The trees, black and ragged marks against the late evening navy sky, were the same which hid Wayne and Nick hours before. Kelsey imagined they must have ended their search for Howard while they were gone. The two cameramen would be inside, warming themselves with the others: Erin, Daniel, Ben…
And the dark figure she saw in a second floor window before leaving. The memory turned over in her stomach, cold and hard like a chunk of pond-ice. Her feet slowed.
“Johnny?”
He glanced over his shoulder, his face puffed and red. “What’s up?”
“The house—do you think something’s wrong there.”
He turned to the left, following snow-covered ruts from the RV. After a moment, he stopped and held out a foot to catch the sled. “We drove through here about an hour ago. Look at this. Damn snow is coming down faster if anything. If it keeps blowing, the drifts could be several feet high by morning.”
“The house, Johnny. What do you think is going on?”
He shook his head.

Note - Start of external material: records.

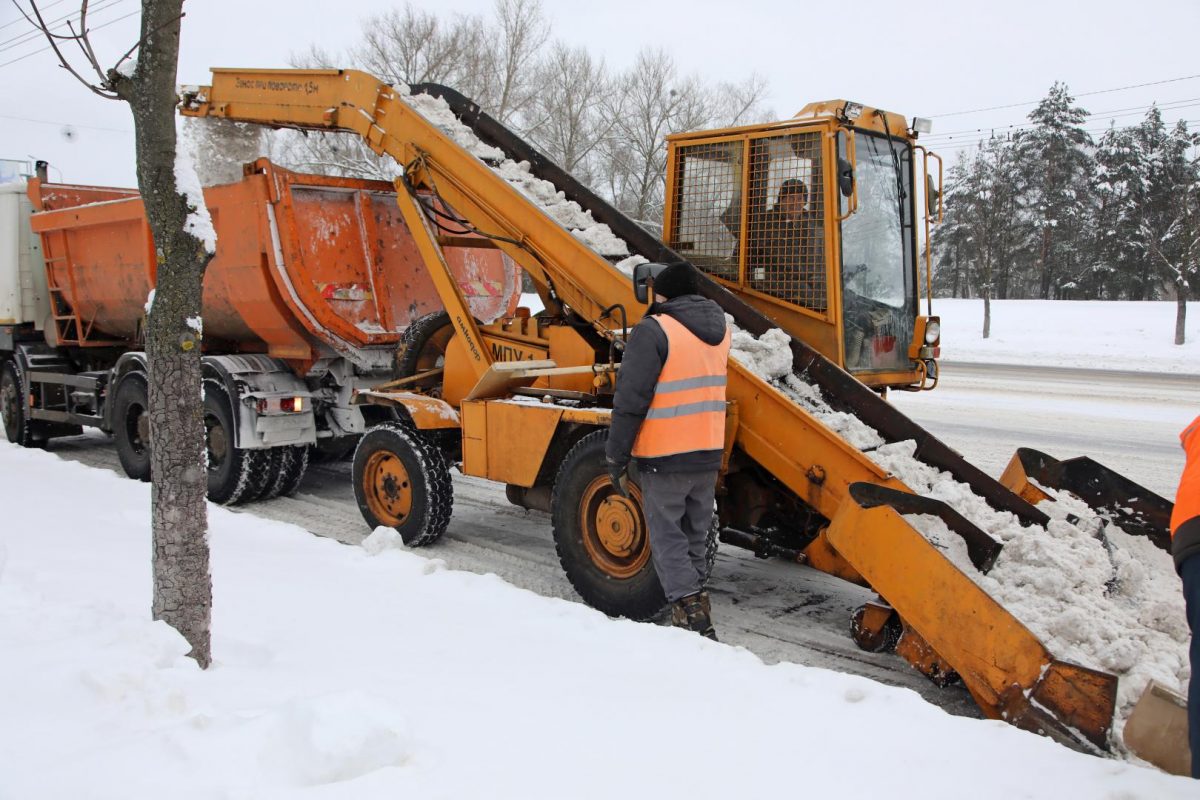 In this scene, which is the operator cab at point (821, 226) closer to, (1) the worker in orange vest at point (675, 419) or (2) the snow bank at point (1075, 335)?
(1) the worker in orange vest at point (675, 419)

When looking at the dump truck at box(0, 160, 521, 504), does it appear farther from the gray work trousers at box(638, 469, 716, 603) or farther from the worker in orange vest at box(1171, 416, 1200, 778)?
the worker in orange vest at box(1171, 416, 1200, 778)

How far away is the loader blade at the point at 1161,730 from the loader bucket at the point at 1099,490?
1.61m

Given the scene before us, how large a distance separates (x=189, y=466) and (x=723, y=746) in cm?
201

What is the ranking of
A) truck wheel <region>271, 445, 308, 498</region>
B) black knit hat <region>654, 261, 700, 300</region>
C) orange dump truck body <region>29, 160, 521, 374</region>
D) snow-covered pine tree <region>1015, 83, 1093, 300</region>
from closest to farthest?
black knit hat <region>654, 261, 700, 300</region>, orange dump truck body <region>29, 160, 521, 374</region>, truck wheel <region>271, 445, 308, 498</region>, snow-covered pine tree <region>1015, 83, 1093, 300</region>

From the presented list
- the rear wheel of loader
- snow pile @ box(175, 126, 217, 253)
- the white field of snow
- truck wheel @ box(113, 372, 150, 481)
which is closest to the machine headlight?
the rear wheel of loader

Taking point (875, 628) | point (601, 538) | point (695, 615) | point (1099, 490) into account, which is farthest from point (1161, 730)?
point (601, 538)

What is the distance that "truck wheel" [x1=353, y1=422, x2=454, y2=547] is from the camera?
5.92m

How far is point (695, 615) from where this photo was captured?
13.7 ft

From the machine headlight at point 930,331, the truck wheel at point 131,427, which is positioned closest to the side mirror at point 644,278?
the machine headlight at point 930,331

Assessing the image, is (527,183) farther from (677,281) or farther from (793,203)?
(677,281)

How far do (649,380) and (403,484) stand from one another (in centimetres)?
265

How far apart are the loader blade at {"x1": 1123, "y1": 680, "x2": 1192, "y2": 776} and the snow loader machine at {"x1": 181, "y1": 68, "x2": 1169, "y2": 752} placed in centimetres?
15

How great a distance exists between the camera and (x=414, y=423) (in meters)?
6.12

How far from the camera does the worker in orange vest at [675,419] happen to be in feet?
13.5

His hands went to his thighs, and he bent slightly, shoulders moving up and down under his heavy coat.
“I don’t know, Kels.” He pulled the glove from his good arm with his teeth and blotted his forehead with the bare hand. “I thought the bathroom—the second floor bathroom—was one of Ben’s gimmicks. Something to stir us up.”
“You thought? So you changed your mind?”
“Shit, Kels. I don’t know what to think. Do you?”
Kelsey shook her head. She imagined telling him about the figure on the second floor or the man at the roadside. Shadows. That’s all.
“Let’s get Sarah inside, okay? We’ll all get warmed up and figure out what we can do about getting some help. I doubt mom and pop came out with dinner tonight.”
“There’s a little food in the pantry, I think. Ben said so.”
“I hope so.” Johnny pulled on the glove and turned down the drive. “I’m half-starving.”
As they came to the house, Kelsey kept her eyes on the ground, facing away from the windows, especially the second floor window in which she’d seen—or thought she saw—an unidentified figure. She hurried up the porch to open the door and find help for Sarah, but the door opened before she touched it.
Erin appeared. Her long blonde hair was pulled up and away from her face in a ponytail. She frowned as she read the look on Kelsey’s face. Her attention shifted to the lawn, and her mouth dropped open.
“My God—what happened to Sarah?”
Johnny puffed a big breath. “Wreck.”
“The RV lost it on the highway. Johnny did his best, but it just sort of spun.” Kelsey pushed a strand of mousy hair from her face. “He’s hurt. We both hit our heads.”
“Sarah?”
“She’s out cold.”
“Just a sec.”
Erin vanished from the doorway, returning before Kelsey thought to move. Daniel was with her this time.